Lambasting the Akalis for exploiting religious sensitivities to garner electoral support, the CM asked Sukhbir to stop politicising such a sensitive issue.
“Misusing religion for political gains will not yield any dividends for the SAD and would backfire on the party in the Lok Sabha elections, as it had done in the 2017 Assembly polls,” he added.
The CM reiterated his stance that while individuals who had any role to play in spreading mayhem against the Sikh community deserved to be punished and should pay for their crimes, it was irrational to try and drag the Congress party as a whole, or the Gandhis, into the case.

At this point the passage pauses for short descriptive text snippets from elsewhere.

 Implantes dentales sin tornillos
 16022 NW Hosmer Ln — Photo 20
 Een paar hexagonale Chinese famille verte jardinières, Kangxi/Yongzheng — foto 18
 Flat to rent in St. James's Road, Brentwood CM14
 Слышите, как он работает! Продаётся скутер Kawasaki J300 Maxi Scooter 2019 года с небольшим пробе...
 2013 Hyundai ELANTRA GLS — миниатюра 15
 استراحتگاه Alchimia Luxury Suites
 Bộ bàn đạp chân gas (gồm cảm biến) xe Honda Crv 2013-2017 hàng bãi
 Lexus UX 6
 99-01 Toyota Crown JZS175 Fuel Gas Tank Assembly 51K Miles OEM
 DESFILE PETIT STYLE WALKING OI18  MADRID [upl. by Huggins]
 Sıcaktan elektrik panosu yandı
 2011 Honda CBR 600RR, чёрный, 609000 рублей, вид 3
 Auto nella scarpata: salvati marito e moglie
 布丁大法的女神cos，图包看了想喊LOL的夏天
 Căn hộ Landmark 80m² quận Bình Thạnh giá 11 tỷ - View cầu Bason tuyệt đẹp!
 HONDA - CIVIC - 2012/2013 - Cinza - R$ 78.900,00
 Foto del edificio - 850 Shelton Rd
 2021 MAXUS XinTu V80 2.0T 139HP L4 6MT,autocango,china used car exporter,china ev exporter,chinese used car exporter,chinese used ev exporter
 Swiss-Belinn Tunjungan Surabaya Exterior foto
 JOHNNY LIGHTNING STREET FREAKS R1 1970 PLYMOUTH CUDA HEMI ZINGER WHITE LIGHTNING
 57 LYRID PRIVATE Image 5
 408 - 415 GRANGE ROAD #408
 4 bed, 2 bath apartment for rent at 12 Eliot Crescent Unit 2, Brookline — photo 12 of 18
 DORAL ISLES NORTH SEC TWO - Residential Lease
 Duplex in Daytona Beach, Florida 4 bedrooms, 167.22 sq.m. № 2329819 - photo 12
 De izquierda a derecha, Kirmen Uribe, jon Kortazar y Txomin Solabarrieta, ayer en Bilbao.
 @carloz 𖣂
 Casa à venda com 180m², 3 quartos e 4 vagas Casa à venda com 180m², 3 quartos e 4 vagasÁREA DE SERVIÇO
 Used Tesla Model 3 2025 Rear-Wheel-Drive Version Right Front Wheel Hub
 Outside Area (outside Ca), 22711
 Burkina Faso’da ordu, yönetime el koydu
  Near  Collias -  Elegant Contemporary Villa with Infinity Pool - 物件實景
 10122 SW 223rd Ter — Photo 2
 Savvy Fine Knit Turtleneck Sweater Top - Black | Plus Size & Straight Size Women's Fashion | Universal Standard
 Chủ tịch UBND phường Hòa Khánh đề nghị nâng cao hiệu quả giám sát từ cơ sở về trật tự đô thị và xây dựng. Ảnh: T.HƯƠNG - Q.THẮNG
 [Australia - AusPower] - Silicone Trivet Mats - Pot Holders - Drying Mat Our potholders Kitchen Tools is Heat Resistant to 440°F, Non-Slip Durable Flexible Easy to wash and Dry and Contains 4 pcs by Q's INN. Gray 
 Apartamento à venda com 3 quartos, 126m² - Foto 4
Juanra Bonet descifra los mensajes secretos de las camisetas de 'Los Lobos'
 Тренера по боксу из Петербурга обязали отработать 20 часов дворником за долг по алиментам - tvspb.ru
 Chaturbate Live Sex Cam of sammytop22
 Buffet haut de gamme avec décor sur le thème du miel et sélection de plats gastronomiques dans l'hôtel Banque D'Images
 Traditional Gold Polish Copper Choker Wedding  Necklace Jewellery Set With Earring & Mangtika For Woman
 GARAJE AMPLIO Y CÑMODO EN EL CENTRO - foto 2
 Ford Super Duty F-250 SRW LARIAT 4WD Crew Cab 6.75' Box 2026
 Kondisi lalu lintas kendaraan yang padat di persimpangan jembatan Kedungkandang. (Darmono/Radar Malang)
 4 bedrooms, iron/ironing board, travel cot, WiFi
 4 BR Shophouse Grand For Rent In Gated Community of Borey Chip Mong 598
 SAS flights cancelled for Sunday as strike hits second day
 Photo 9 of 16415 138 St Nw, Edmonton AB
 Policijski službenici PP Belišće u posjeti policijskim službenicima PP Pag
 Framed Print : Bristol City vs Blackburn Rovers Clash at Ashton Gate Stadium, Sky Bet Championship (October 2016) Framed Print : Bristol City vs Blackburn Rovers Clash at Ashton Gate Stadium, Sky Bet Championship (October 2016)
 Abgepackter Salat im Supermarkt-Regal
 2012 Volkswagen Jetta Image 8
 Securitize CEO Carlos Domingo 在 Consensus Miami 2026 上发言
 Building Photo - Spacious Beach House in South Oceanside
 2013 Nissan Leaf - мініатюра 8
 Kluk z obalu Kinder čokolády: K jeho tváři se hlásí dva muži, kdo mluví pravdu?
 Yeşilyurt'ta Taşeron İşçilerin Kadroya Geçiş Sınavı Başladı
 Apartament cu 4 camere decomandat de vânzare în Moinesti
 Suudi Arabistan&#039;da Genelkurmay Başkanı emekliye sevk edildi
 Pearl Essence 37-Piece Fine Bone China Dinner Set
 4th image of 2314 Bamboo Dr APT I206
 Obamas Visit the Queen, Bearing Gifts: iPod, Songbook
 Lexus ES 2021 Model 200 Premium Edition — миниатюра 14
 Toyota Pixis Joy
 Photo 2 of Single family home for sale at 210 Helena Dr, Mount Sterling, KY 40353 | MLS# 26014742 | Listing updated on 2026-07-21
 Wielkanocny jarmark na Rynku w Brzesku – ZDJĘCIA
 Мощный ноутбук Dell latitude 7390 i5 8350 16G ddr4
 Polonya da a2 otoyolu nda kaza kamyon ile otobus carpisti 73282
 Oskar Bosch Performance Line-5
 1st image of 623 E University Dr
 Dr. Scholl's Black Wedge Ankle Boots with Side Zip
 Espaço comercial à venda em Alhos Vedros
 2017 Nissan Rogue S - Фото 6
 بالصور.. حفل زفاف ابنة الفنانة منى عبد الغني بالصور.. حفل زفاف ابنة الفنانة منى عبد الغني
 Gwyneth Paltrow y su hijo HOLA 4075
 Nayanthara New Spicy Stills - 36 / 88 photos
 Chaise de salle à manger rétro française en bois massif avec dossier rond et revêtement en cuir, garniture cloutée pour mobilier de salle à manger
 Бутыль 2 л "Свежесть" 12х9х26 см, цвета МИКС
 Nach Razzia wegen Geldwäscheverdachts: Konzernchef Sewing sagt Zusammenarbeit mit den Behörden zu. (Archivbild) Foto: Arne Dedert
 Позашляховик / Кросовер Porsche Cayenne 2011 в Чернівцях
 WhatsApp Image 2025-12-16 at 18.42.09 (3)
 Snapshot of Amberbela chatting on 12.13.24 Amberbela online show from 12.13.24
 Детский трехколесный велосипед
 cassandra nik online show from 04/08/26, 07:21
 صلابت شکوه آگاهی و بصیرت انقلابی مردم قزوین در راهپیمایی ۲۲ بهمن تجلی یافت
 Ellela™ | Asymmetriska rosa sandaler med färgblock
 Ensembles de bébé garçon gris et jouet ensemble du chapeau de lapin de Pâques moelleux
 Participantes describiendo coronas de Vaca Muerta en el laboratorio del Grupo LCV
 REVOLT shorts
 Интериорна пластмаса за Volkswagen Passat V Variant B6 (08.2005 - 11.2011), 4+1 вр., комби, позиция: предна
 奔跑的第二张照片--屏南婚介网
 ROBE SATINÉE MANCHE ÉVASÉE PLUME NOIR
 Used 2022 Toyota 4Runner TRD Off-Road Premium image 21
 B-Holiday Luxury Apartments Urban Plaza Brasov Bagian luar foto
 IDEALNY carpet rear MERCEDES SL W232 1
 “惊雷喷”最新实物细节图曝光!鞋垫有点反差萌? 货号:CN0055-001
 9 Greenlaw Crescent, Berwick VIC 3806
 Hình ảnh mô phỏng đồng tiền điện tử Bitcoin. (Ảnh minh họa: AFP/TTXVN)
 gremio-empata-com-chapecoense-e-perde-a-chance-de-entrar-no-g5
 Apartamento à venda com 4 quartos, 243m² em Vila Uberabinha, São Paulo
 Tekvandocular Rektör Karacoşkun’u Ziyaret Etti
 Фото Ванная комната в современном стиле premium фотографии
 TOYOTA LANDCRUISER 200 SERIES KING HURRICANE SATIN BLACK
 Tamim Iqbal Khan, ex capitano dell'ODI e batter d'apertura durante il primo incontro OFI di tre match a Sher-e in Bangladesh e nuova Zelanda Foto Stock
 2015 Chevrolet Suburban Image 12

“Rahul Gandhi was a school-going child and his father Rajeev Gandhi was away in West Bengal at the time of the violence,” Amarinder pointed out, lambasting Sukhbir for trying to exploit the religious sentiments of the Sikhs for “petty political gains”.
“Criminals have no religion and are not affiliated to any political party,” said Amarinder, adding that all those responsible for perpetrating the violence in the wake of the then Prime Minister Indira Gandhi’s assassination would pay for their crimes.
“The courts have already set a precedent in the case by sentencing Sajjan Kumar to life term,” said the CM, expressing confidence that others guilty of the heinous crime would also meet the same fate.